Маккаммон: Нет, я пока ничего не знаю. Конечно, если это произойдёт, то может оказаться прекрасно, а может и ужасно. Кто знает…
Гоатли: Возвращаясь к «The Address» — в предисловии к нему ты описал, что там должно было произойти. Найдутся ещё какие-нибудь истории, которые ты особенно планировал написать, но, к сожалению, не вышло?
Маккаммон: Да. Я планировал сделать «Полуночный экспресс». На самом деле так называется сообщество чёрного кино: «Полуночный экспресс». Это походило на: «Я еду на полуночном экспрессе», потому что они считали, что движутся на скором поезде в никуда. Я планировал поговорить о сообществе чёрного кино.

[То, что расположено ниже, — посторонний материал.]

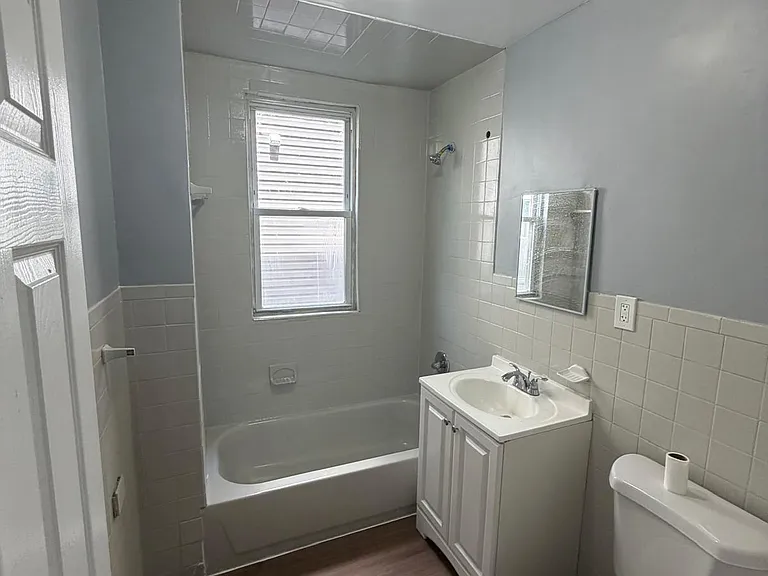 917 Grove St #1 — Photo 6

Я планировал написать «Одинокого», где, как уже упоминалось, речь шла о персонаже типа Уильяма Холдена[53], попавшем в ситуацию, когда, если он что-то не сделает, то погибнет. И всё-таки он остался совсем один; очень популярный актёр — куда подевались его друзья в канун Рождества? Вот к этим двум целям я и стремился.
Пожалуй, были и ещё, но некоторые оказались слишком тяжёлыми, особенно та, что про Малыша Чаббса. Это было просто душераздирающе, а потом стало беспросветно мрачно. Знаешь, будучи писателем, ты должен проживать то, над чем работаешь, ты должен там жить. Желал бы ты и вправду жить в таком месте? Хотел бы ты, чтобы это заполняло твою голову и душу? Та история была очень насыщенной, и это оказалось чересчур.
53
Уильям Холден — американский актёр, лауреат премии «Оскар» за главную роль в фильме «Лагерь для военнопленных № 17» (1953). Шесть раз его имя называли в десятке самых популярных актёров США (1954–1958, 1960). Американский институт киноискусства поместил Уильяма Холдена на 25-е место в списке «100 величайших звёзд кино».